Но ведь не виновата она, что Дар у нее именно к целительству! Да еще теплится в душе надежда, что и у Тамира — такой же. Ведь по сей день не вручили ему цветной одежи, так и ходит как первогодок. Может сегодня крефф Донатос расщедрится и наконец скажет парню, какое у того назначение? Со многими так бывало. Первый год уроки у всех часто общие. Иной раз Майрико хвалит Тамира, когда он с первого раза запоминает наговоры или удачно варит мази. Хвалят и Лесану, да только редко. Ей целительство дается туго, едва не туже, чем Айлише уроки Донатоса, на которых она от жути обмирает, слушая про упырей или оборотней. А уж на уроках креффа Клесха и вовсе тяжко — Айлиша, хоть на ногу быстра и телом вынослива, — с палкой или мечом деревянным — чисто кобылища. То сама себе в лоб заедет, то оружие уронит.
За тревожными сумбурными мыслями девушка не заметила, как за окном начали сгущаться сумерки. В комнате заметно потемнело. Девушка зажгла лучину и села на лавку поджидать друзей. За окном повисло черное небо. Ночь… Лишь сейчас Айлиша попривыкла малость, что в Цитадели на ночь не обязательно закрывать ставни… Это тебе не в родной деревне, где и на дверях и на окнах засовы железные. Ночь страшна. Ночь разлучает. Ночь приносит отчаянье. Юная целительница закрыла глаза и тихо-тихо, словно боясь нарушить величественное молчание древней крепости, запела песню, которую часто пела с другими девушками, когда садились чесать кудель или прясть:
И грезилось девушке, будто мелькает в ее руках веретено, в печи потрескивают поленья, а батюшка с братьями при свете лучины сучат пеньковые веревки…
Тамир поднимался из подвалов Цитадели в верхние коридоры. Голова гудела, а от виска к виску летало глухое и гулкое: «Тук. Тук! ТУК!» Боль пульсировала, давила на глаза, отзывалась в затылке. И так было всякий раз. После каждого урока. Словно занятия колдовством тянули из парня жизненную силу, даря взамен лишь головокружение и тошноту.
Позади остался урок, принесший помимо нынешних страданий знания о том, как упокаивать вставшего на третий день младенца. А впереди еще ждала встреча с креффом Лесаны, предвещающая метание ножа в цель, и урок с наставницей Айлиши. Майрико грозилась сегодня спросить, в каком месяце волчьи ягоды пригодны для лекарских целей, а в каком на них заговор на смерть делают.

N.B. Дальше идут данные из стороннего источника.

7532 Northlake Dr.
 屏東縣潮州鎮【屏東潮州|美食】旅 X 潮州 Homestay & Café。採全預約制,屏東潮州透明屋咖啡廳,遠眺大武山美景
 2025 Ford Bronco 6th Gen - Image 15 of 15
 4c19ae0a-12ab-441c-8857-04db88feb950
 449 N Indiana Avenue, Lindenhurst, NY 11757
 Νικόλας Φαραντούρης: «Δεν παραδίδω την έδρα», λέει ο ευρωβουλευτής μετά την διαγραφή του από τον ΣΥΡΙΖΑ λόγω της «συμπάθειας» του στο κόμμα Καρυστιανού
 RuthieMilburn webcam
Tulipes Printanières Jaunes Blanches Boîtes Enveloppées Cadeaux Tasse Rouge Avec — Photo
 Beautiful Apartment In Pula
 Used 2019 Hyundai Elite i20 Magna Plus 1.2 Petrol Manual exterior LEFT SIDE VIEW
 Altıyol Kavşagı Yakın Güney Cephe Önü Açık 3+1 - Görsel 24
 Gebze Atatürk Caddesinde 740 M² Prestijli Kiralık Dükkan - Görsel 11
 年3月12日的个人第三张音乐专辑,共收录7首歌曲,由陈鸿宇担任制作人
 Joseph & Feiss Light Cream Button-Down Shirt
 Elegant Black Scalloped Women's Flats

Интересно, а сама Айлиша знает, что лекари не только исцелять могут, но и жизни отнимать? Эта мысль, некстати пришедшая в больную голову, ужаснула юношу. Он просто не мог представить любимую, творящей черное колдовство.
Любимая… слово-то какое теплое! Родное! Произносишь его про себя и, кажется, будто руки материнские обнимают, а в плечах сразу такая сила угадывается, словно можешь небо с землей сравнять, лишь бы та, что заставляет сладко замирать сердце, оставалась рядом. Только, как побороть удушающую робость, как сказать самой красивой на свете девушке, что давно ее любишь? Едва увидел первый раз — застенчивую, робкую, с тенью от опущенных ресниц на щеках — так и потерял покой. И лишь она, ее улыбка, ее голос, заставляют сцеплять зубы, не давать воли постыдному страху перед Цитаделью, перед Ходящими, перед наставником, помогают терпеть и отыскивать в душе такие силы, о каких и не подозревал никогда недавний рохля, заласканный маменькин сынок.